Equities Research/Stock guidance (“Buy, Sell, Hold”): These come in sporadically between earnings seasons and are usually fairly short reports of about 300 to 500 target words each. These reports often contain tables and charts and require expert localization resources.
Company reports (10(k) reports, etc.), sales proposals, information about companies or markets, newsletters about a vertical (automotive, pharmaceuticals, aeronautics, tourism, etc.) or regional markets (Europe, Italy, Campania, etc.) – are often less time-critical and are typically requested between Earnings Season peaks. These are usually in Adobe InDesign, Microsoft Word, Microsoft PowerPoint and sometimes in Microsoft Excel. The documents range in size from 1,000 to 50,000 target words. Some can be much larger. The language direction is often language into U.S. English. Other language combinations can exist, especially in Europe and in the Middle East.

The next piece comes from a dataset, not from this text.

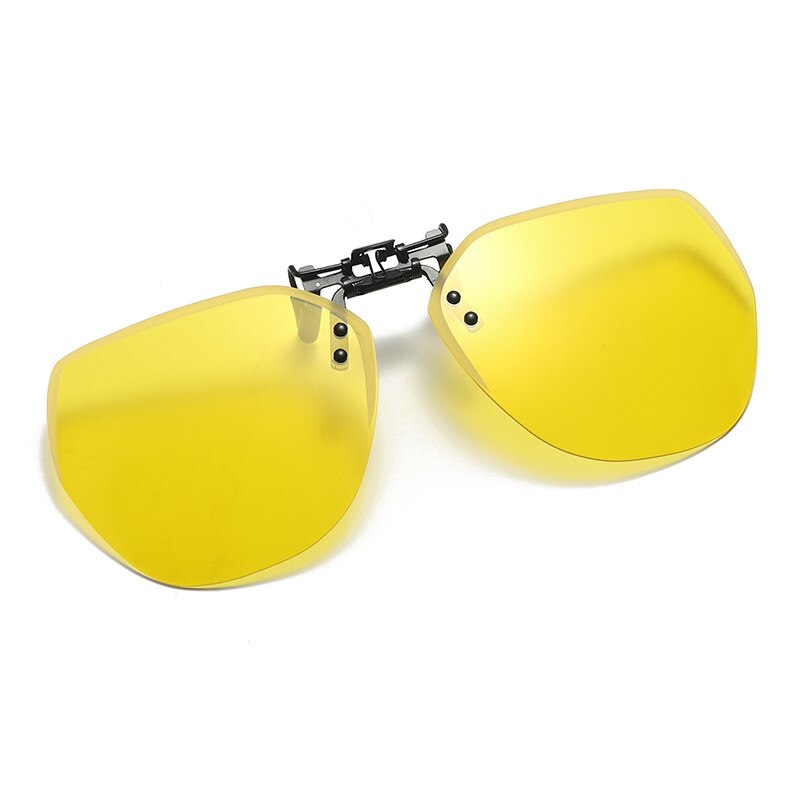 Gafas de sol polarizadas sin montura para hombre y mujer, lentes de sol polarizadas con Clip, estilo Retro, a la: 10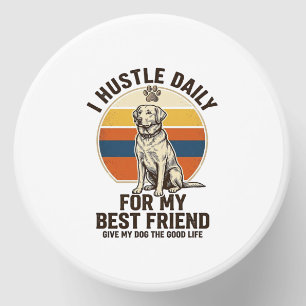 Dog Lover Shirt Vintage Engraving Hard Work for My Mini Candle Favors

Becoming a localization supplier for a financial institution takes time and effort. Many large Global or iBanks require several months to several years to establish a large-scale global Master Services Agreement (M.S.A.). Having done work in the past with a financial firm enables faster penetration and revenue generation. It also makes it easier for acquiring internal referrals and establishing contacts with individual buyers or procurement. A reference from a similar firm or simply listing a credible competitor of the iBank helps tremendously.
Most iBanks require vetted resources working on their projects – and this includes the account management, project management and even the translation teams. This vetting of the team gives them a greater comfort level that their confidential information is in good hands. Several vetting companies perform this task (it takes usually 2 weeks and costs an average of US$500 per staff member or linguist).
Agile methodologies are required for Financial Research in order to be able to process and produce hundreds localization requests per week. If you crack that nut and are able to provide a good translation service for iBanks, you will reap benefits and grow your revenue and profit for years to come.
About the author:
Thomas Edwards manages the North American Sales consulting practice at ANZU GLOBAL called U.S. Launchpad. He helps Translation and Interpretation companies penetrate and radiate in the United States and Canada by establishing a strong cost-efficient sales foothold in this rewarding market. Thomas has held senior positions in both operations and sales over the past 20 years with start-ups and large localization companies in the U.S. and Europe.